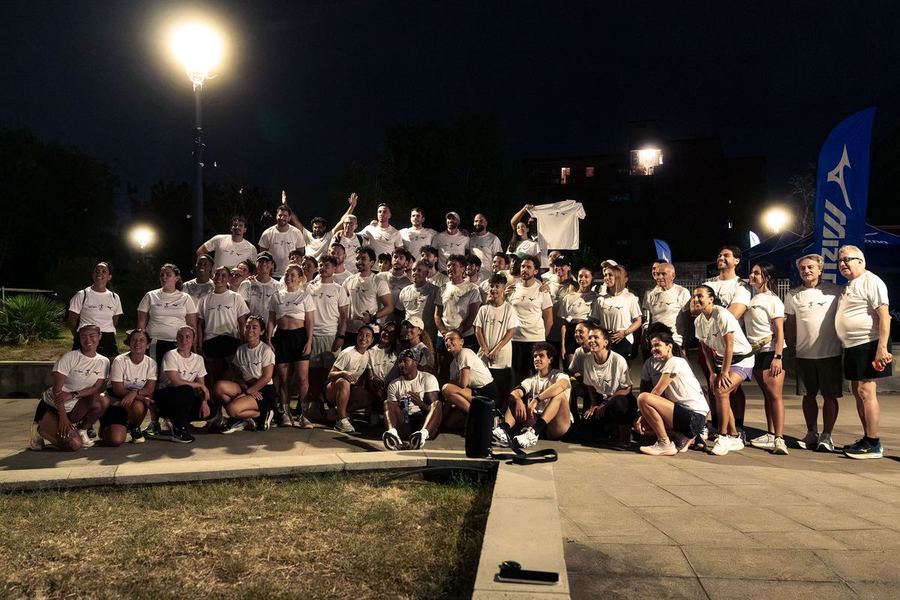 The whole group in white tees after a night run in Caserta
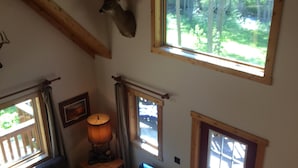 Un interno accogliente con soffitto in legno, una testa di cervo appesa, una poltrona blu, un divano e un tavolo con una lampada.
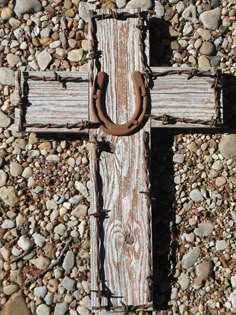 an old wooden cross on some rocks and gravel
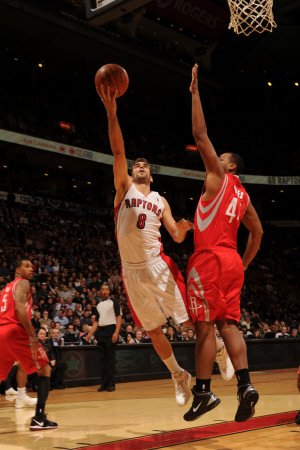 Houston Rockets v Toronto Raptors: Jose Calderon and Chuck Hayes Photographic Poster Print by Ron Turenne, 24x36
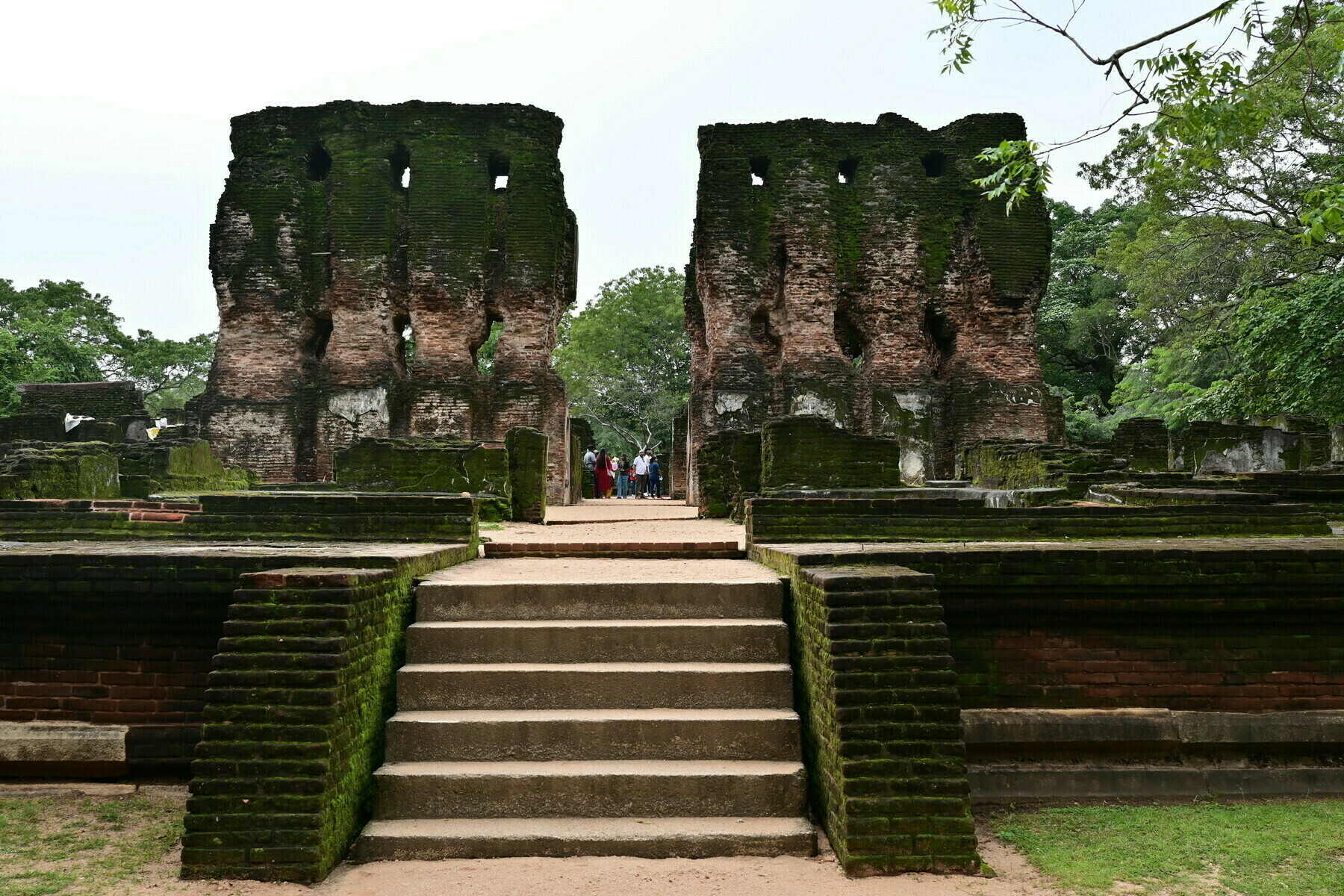 Auto-generated description: Ancient stone ruins feature weathered walls and steps, surrounded by lush greenery.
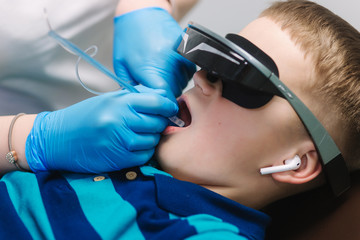 Close up of little boy sitting in dentist in vr glasses and wireless headphones while dentist make x-ray of teeth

Work order
Reproduce the whole of the data, word for word, and omit its pictures.

Answer box
 The whole group in white tees after a night run in Caserta
 Un interno accogliente con soffitto in legno, una testa di cervo appesa, una poltrona blu, un divano e un tavolo con una lampada.
 an old wooden cross on some rocks and gravel
 Houston Rockets v Toronto Raptors: Jose Calderon and Chuck Hayes Photographic Poster Print by Ron Turenne, 24x36
 Auto-generated description: Ancient stone ruins feature weathered walls and steps, surrounded by lush greenery.
 Close up of little boy sitting in dentist in vr glasses and wireless headphones while dentist make x-ray of teeth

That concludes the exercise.